シングルファーザーを悩ませる「娘の生理」問題 実は子どもも父親に相談できずに困っている
児童扶養手当についても、前年所得で支給の有無を判断するため、タイムリーな支給が行われない現状がある。
「遺族年金については、昨年の国への意見書でも改善要望をお願いしました。所得や年齢で制限することについては、『人の命に差をつけるのか』というレベルの問題だと思います。
たとえ今の所得が高いとしても、それは今まで配偶者のサポートがあったから稼げていた額かもしれないわけです。
現在の遺族年金制度は、死亡時点で支給するか否かを判断され、その際に対象外となると、その後事情が変わって収入が大きく減った場合にあらためて受給できるようにはなっていません。
所得制限をなくすか、年収が下がった際に対応するような制度にする。また、支給の可否判断を亡くなったときの1回限りではなくて、一定期間ごとに行うなど、柔軟な運用ができるようにしてほしいです。
児童扶養手当についても、前年所得で支給するか否かを判断していますが、急に無収入になっても受給できないケースが出てきてしまいます。とくにコロナ禍では大いにありうる話です。

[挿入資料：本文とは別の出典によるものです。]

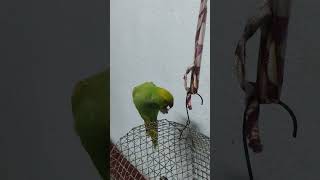 parrot #love #status #memes #viralvideos #shortsviral #youtube #trending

『1年後なら支給できます』では間に合わない人もいるはずです。弾力的な対応が必要なのではないでしょうか」
性に関するリテラシーの向上が大事
「イクメン」という言葉が定着するなど、昨今の父親は家事・育児により積極的とされている。各家庭によって差はあるにせよ、子どもを保育園などへ送り迎えしている男性を見る機会は珍しくない。
しかし、たとえ「イクメン」でもそう簡単にはいかないこともある。今井さんによれば、シングルファーザーが実生活でいちばん悩むのは、娘がいる場合の性教育および生理の対応だという。

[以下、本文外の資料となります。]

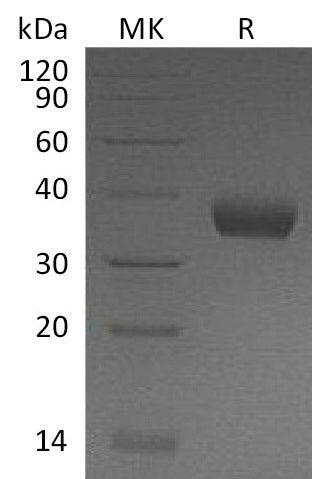 BL-1042NP: Greater than 95% as determined by reducing SDS-PAGE. (QC verified)Recombinant Mouse PRLR Protein (C-6His)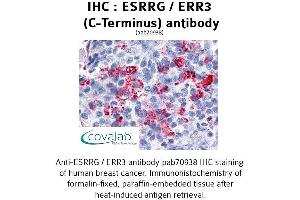 Image no. 1 for anti-Estrogen-Related Receptor gamma (ESRRG) antibody (ABIN1734157) (ESRRG 抗体)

「シングルファーザーからの相談だけではありません。私たちの団体には、シングルファーザー世帯で育った娘さんも多く参加していますが、『男親ではどうしようもなかった、聞くわけにもいかなかった』というような娘さんからの声もすごく多いです」
対処法まで精通している男性はかなり限られる。今井さんは、シングルファーザーが生理について学ぶ機会が大切だと話す。
「十分な知識がないと大変ですし、取り返しのつかないことにもなりかねません。そこで私たちは、生理に詳しい団体さんの協力を得て、はじめての生理準備BOX『READY BOX』というものを配布しています。
このBOXには、『生理とは何なのか』『生理になったとき、どう対処すればいいのか』といった内容をまとめた冊子や、実際に使える生理用品、生理用ポーチなどが入っています。